Siete estados del sur decidieron separarse de la Unión y formaron los Estados Federales de América. Tras fracasar el dialogo con los separatistas, estalló la Guerra Civil. Tras varias deplorables derrotas, finalmente con el general Ulysses S. Grant puso fin a la guerra en 1864. Lincoln nombró a Edwin M. Stanton como secretario de Guerra, quien lo trataba con gran desprecio: lo llamaba públicamente “astuto payaso” o “el gorila original”. Su burla llegaba al colmo cuando vociferaba que el que buscaba al eslabón perdido era un tonto si lo buscaba en África, cuando era tan fácil encontrarlo en Springfield, Illinois. Lincoln soportaba con paciencia todas esas puyas. A pesar de ello, le ofreció el puesto de ministro de Guerra y además lo trató con gran cortesía. Los amigos de Lincoln le decían: cuando llegaste al poder creíamos que ibas a destruir a tus enemigos. Lincoln les respondía, es lo que estoy haciendo cuando a mis enemigos los hago amigos. ¡Qué gran contraste con el espíritu de venganza de muchos de nuestros políticos! Con razón Lincoln solía decir que casi todos podemos soportar la adversidad, pero que si quiere probar el carácter de un hombre hay que darle poder. Cuando asesinaron a Lincoln, Stanton hizo la guardia de honor ante su cadáver y estuvo llorando y al salir del velatorio comentó: “Nunca ha existido un hombre de estado tan grande como éste”.

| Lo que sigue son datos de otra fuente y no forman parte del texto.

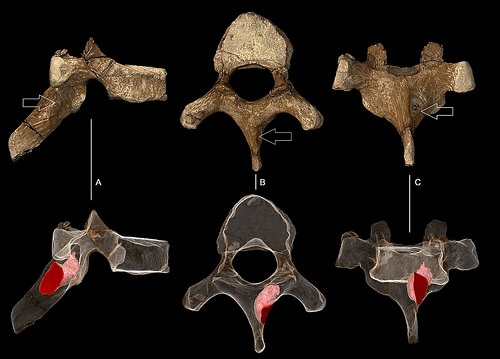 vertebracancerfig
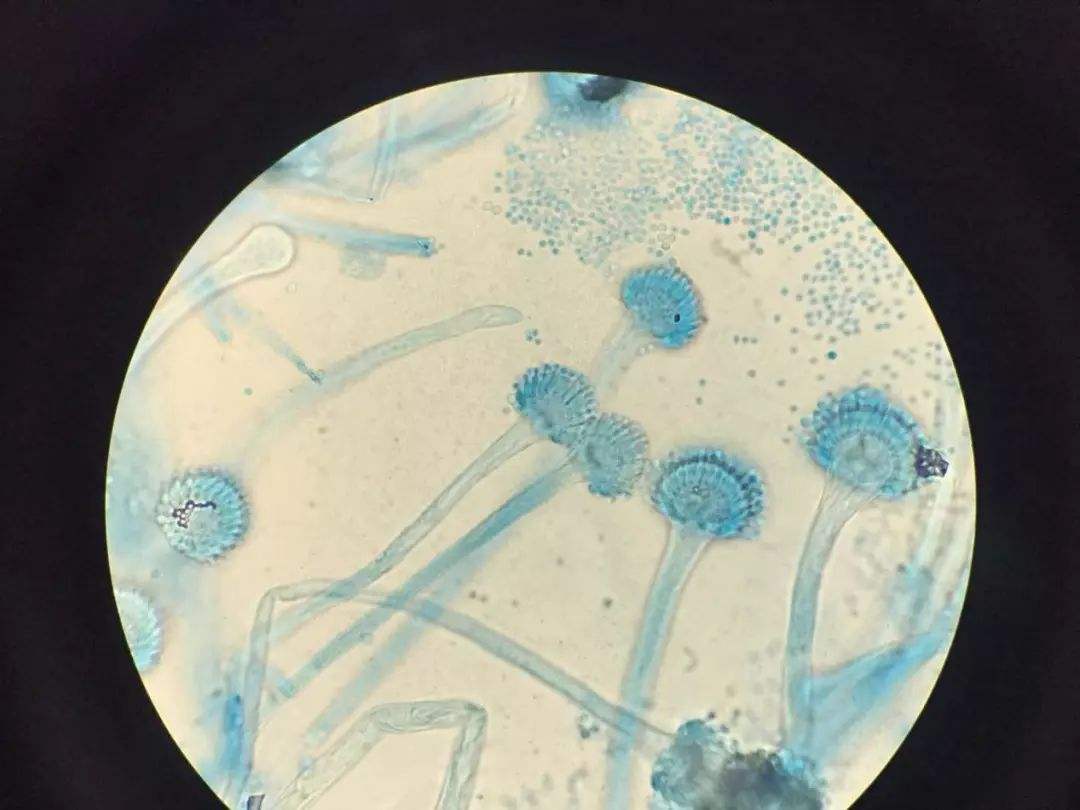 肺曲霉菌病和曲霉菌肺炎是一样吗,曲霉菌性肺炎怎么治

Cuando Lincoln tomó la decisión de afrontar la Guerra Civil un consejero le dijo: “Señor presidente, espero que Dios esté de nuestra parte”; a lo que contestó Lincoln: lo que espero no es que Dios esté de nuestra parte, sino que nosotros estemos de parte de Dios”.

Durante 25 años ejerció la profesión de abogado y llevó cientos de casos. Se dice que no perdió ninguno. Ante todo, él aconsejaba la diligencia, la plena dedicación al asunto. Solía decir: “hagas lo que hagas, hazlo bien”, pues al final lo que cuenta no son los años de tu vida, sino la vida de tus años.

Desalentaba la litigiosidad. Aconsejaba a sus clientes que trataran de llegar a algún acuerdo. La mediación ofrece al abogado la oportunidad de ser un hombre de bien. También observaba que algunas veces el ganador de un caso era en realidad un perdedor, se ganaban enemistades, se perdía tiempo y el dinero de los honorarios.

Lincoln recomendaba cultivar el arte de la oratoria. Hablar elocuentemente en público consolida lo justo de la causa. Él fue un gran orador, no caía en la verborrea, era conciso en su argumentación. Un ejemplo es su discurso de Gettysburg, que por muchos es considerado una de las piezas oratorias mejores de todos los tiempos. El gran orador que lo precedió habló durante dos horas, el discurso de Lincoln duro tres minutos.

En suma, Lincoln tenía una gran estima por la abogacía y la política, si bien en su tiempo, como ahora, son considerados, y en concreto en nuestro país, como los profesionistas más corruptos. Si alguien quiere lucrar con estas profesiones, mejor que se dediquen a otra cosa.

* El autor es profesor emérito de la Universidad Iberoamericana ciudad de México.